Cross-Layer Self-Health Management for Intelligent Autonomous Systems

The PhD project aims at new cross-layer reliability and self-health awareness technology for tomorrow's intelligent autonomous systems and IoT edge devices.

Today, with the rise of AI, the electronic systems gradually become intelligent enough to become self-aware and situation-aware. These two concepts are being extensively studied today with active research and development work ongoing both in academia and industry. An important aspect in Self-Awareness is the ability of the system to comprehend and maintain its fitness in context of its goals and decisions as well as to adapt the decisions in accordance to the system fitness and the current situation. This specific ability is understood as Self-Health Awareness, which is also the next emerging paradigm on the path starting from the classic passive Fault Tolerance through Error Resilience and Fault Detection Isolation and Recovery (FDIR) towards intelligent reliability/safety management solutions. At the same time Self-Health Awareness is the cornerstone of several emerging offspring research directions, such as:

• Self-Healing
• Self-Adaptation to Damage
• Instant Failure Avoidance
• System Health Management
• AI-Driven Adaptive Predictive Maintenance

These research directions will have to be stdudied by the PhD candidate with subsequent achievement of publishable progress beyound the state-of-the-art through research activities in collaboration with other PhD students and staff at the Department of Computer Systems.

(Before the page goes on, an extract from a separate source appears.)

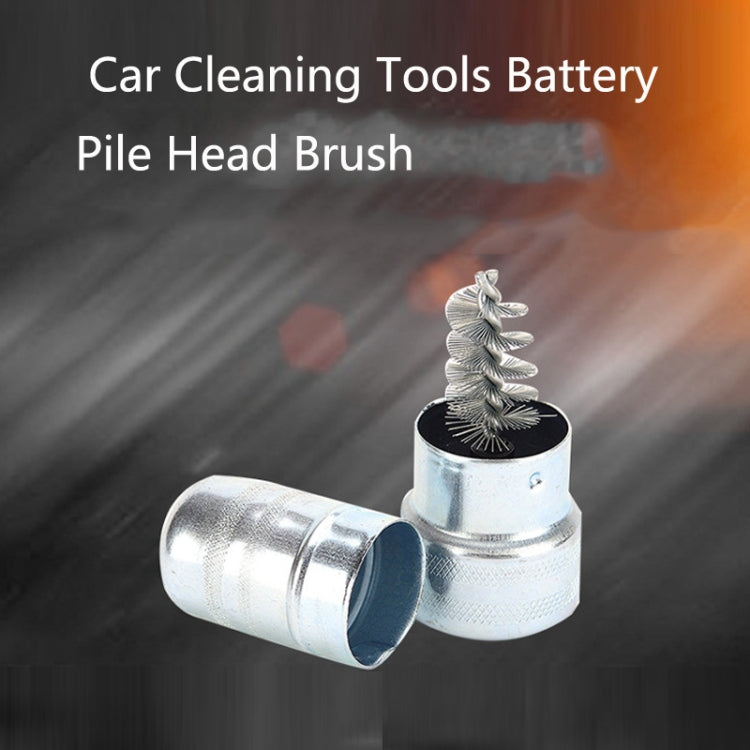 5 PCS 114 Car Cleaning Tools Battery Pile Head Brush
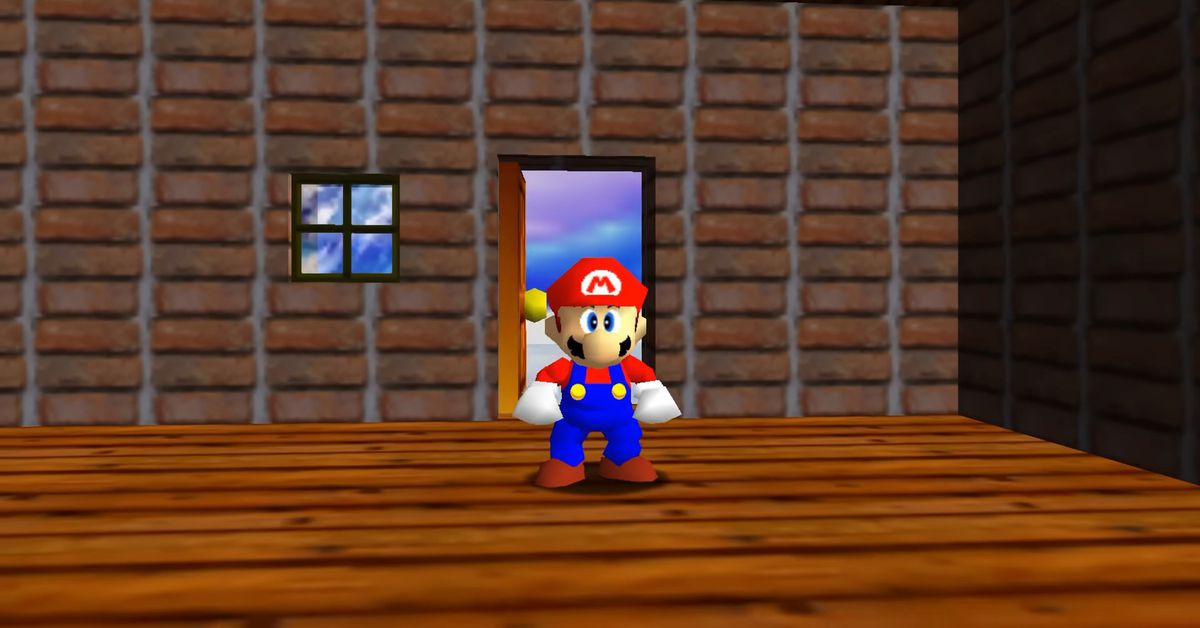 Les fans de Super Mario 64 ouvrent enfin la porte « inouvrable » du jeu, 28 ans plus tard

It is commonly understood by the research community that a self-adaptation framework has to hierarchically and systematically span across all system levels being distributed throughout the systems of systems (SoS), such as Internet-of-Things (IoT) or satellite constellations down to the level of individual agents like CPSs, computers, embedded systems, down to electronic blocks, incl. sensors and actuators, down to individual microcontrollers, CPUs/GPUs, memories, FPGAs and even further down to their sub-modules and sub-units. The particular aim of this study is to develop and evaluate the bottom up approach starting from the micro level upwards.

We are looking for motivated individuals with a strong background in hardware design.

The applicants are expected to demonstrate:

• Relevant technical education and training (candidates with embedded systems backgrounds are preferred)
• Basic understanding of reliability and artificial intelligence concepts
• Good skills in VHDL or Verilog
• Ability to code in C/C++ or Python
• Familiarity in FPGA development tools
• Writing and communicating skills (English) that are compatible with an entry-level research position
• English language proficiency
• Research and/or professional experience ability and interest to collaborate across disciplines

TalTech is an equal opportunity university. Female candidates are particularly encouraged to apply.